Lanjut John Daniel, setiap tahunnya, PWC secara global mengoleksi serta menganalisis data dari global revenue dan annual growth pada berbagai jenis perusahaan dan industri. Dari hasil analisis ini, nantinya PWC akan memberikan prediksi dan peringatan jika adanya situasi leverage ataupun dropping pada sektor tertentu. Pada 2021, PWC dalam analisisnya terdapat 14 sektor industri dari 53 negara diantaranya Amerika, Korea Selatan, India, China, termasuk Indonesia. Berdasarkan analisis yang dilakukan PWC menghasilkan 3 Future Tipping Point yakni layar mobile display akan menggantikan wired-internet advertising pada tahun 2022, games akan meningkatkan jumlah konsumsi data pada tahun 2024, dan akses mobile internet akan mengalami peningkatan revenue sebesar 68% pada tahun 2024.
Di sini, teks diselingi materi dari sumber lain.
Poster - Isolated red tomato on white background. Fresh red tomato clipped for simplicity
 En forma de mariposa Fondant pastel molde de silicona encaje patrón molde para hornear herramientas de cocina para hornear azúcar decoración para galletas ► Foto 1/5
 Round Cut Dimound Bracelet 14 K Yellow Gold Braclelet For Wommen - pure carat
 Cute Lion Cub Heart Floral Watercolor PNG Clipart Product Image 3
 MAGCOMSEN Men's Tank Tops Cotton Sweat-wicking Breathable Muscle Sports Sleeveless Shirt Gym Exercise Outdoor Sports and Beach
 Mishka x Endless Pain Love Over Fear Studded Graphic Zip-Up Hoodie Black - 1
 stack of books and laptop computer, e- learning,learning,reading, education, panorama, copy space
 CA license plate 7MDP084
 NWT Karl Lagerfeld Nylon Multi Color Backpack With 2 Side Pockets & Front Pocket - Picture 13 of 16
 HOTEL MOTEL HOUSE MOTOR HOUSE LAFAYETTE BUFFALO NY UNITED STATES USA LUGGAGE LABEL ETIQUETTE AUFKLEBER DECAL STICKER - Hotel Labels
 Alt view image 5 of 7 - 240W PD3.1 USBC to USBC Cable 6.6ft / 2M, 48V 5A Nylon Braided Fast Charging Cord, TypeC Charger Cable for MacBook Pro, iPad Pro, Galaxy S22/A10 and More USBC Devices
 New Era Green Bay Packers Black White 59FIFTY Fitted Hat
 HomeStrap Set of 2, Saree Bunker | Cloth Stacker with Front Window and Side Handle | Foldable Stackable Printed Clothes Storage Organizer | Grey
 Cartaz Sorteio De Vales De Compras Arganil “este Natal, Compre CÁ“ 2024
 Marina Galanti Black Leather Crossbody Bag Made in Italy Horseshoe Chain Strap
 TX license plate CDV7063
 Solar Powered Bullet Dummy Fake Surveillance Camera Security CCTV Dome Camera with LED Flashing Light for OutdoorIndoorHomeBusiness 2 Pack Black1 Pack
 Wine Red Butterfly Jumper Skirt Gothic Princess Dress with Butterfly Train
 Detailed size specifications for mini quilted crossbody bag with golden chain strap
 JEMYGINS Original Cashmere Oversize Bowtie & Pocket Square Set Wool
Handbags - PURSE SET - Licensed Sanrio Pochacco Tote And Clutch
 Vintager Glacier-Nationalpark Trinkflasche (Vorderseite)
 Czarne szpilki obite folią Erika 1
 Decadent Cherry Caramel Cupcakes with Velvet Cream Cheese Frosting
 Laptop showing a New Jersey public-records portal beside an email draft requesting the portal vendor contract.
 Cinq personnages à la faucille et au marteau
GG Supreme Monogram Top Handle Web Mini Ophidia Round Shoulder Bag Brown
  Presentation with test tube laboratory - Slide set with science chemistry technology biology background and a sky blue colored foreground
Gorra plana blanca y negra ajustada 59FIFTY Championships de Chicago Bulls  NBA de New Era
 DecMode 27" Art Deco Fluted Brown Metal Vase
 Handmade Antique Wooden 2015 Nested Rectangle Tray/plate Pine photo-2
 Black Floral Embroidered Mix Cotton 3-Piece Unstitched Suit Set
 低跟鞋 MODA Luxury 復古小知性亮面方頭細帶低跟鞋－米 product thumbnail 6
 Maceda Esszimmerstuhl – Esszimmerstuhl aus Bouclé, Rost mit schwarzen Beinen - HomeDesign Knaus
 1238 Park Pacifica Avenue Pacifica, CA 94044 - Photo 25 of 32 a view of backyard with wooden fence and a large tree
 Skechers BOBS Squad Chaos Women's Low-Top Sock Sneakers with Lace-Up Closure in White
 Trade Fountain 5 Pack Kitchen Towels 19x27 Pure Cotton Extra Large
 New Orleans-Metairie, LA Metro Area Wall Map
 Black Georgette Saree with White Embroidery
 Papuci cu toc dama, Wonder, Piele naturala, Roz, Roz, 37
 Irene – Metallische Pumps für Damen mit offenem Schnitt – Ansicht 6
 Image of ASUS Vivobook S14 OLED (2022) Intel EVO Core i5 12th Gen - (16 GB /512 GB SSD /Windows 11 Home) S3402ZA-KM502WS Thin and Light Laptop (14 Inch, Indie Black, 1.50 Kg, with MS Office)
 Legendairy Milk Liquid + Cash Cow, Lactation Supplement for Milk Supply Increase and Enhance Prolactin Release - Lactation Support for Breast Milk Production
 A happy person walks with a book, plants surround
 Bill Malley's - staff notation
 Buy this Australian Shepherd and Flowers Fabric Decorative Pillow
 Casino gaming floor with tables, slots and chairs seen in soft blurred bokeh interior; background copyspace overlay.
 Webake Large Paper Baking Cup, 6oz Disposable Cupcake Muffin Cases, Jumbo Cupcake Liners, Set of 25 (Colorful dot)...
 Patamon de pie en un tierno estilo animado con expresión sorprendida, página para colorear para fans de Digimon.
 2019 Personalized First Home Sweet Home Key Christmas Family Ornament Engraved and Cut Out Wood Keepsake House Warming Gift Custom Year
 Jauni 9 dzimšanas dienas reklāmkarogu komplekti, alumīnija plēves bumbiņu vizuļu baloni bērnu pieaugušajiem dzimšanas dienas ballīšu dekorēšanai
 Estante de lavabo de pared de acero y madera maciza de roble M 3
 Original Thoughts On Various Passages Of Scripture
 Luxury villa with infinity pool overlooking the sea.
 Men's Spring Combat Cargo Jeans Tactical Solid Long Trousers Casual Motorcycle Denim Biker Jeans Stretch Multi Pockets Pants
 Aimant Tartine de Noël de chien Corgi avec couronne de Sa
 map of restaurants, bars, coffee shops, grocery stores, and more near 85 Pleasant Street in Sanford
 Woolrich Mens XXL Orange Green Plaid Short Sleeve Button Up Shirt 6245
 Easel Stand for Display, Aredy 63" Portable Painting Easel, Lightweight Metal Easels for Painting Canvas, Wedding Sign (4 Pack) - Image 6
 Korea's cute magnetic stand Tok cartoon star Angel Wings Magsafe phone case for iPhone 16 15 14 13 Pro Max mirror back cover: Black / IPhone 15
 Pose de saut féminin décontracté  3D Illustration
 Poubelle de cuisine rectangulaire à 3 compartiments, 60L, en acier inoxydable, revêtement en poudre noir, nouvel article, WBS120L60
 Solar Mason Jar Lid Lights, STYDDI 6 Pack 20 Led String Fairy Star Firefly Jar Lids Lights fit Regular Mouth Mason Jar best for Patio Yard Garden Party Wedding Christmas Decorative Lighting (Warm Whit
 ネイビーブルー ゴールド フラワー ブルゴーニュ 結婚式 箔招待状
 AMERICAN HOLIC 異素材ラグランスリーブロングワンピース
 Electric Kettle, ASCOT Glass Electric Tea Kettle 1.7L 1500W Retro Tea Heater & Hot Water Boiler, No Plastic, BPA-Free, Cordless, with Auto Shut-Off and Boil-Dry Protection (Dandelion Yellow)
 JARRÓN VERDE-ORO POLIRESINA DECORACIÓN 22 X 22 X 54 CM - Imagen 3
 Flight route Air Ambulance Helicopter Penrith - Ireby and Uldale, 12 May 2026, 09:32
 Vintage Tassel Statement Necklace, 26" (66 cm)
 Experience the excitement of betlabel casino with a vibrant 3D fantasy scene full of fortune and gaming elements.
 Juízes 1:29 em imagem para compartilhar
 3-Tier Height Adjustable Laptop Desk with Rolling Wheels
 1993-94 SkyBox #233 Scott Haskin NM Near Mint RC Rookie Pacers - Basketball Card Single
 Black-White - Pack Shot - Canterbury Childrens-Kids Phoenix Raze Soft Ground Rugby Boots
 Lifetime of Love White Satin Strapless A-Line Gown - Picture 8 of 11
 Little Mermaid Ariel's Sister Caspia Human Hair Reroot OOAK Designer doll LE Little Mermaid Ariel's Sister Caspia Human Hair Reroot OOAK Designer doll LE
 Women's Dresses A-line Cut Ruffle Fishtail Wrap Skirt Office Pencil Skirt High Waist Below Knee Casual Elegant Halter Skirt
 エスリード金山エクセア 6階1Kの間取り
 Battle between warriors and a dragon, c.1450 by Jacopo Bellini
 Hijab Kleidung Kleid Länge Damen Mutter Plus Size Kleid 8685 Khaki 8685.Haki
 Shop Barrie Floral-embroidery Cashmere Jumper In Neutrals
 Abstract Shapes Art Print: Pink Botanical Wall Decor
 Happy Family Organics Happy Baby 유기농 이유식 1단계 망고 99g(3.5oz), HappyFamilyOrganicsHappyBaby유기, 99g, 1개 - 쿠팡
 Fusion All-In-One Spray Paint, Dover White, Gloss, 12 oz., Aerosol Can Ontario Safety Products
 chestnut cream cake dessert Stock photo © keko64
Dari hasil analisis juga didapatkan bahwa video games dan E-Sports memiliki andil besar dan memiliki dampak terbesar selama pandemi Covid-19. Pasar Amerika Serikat dipimpin oleh video games sosial / kasual untuk pertama kalinya pada 2020. Podcast juga disebutkan segmen yang lebih popular dibandingkan radio dan musik, lalu pendapatan bioskop (box office) beralih ke platform streaming di masa depan. Artinya, digitalisasi dan teknologi menjadi faktor penentu terbesar dalam masa pandemi untuk sektor industri entertainment dan media.

“Strategi bisnis yang tepat dan cocok pada era digital ialah transformasi digital, membangun organisasi yang berpusat pada pelanggan, membangun agility, skalabilitas dan ketahanan, mengevaluasi fokus strategis dan model operasi, serta mencari pertumbuhan yang menguntungkan pada emerging market,” demikian John Daniel menutup sesinya.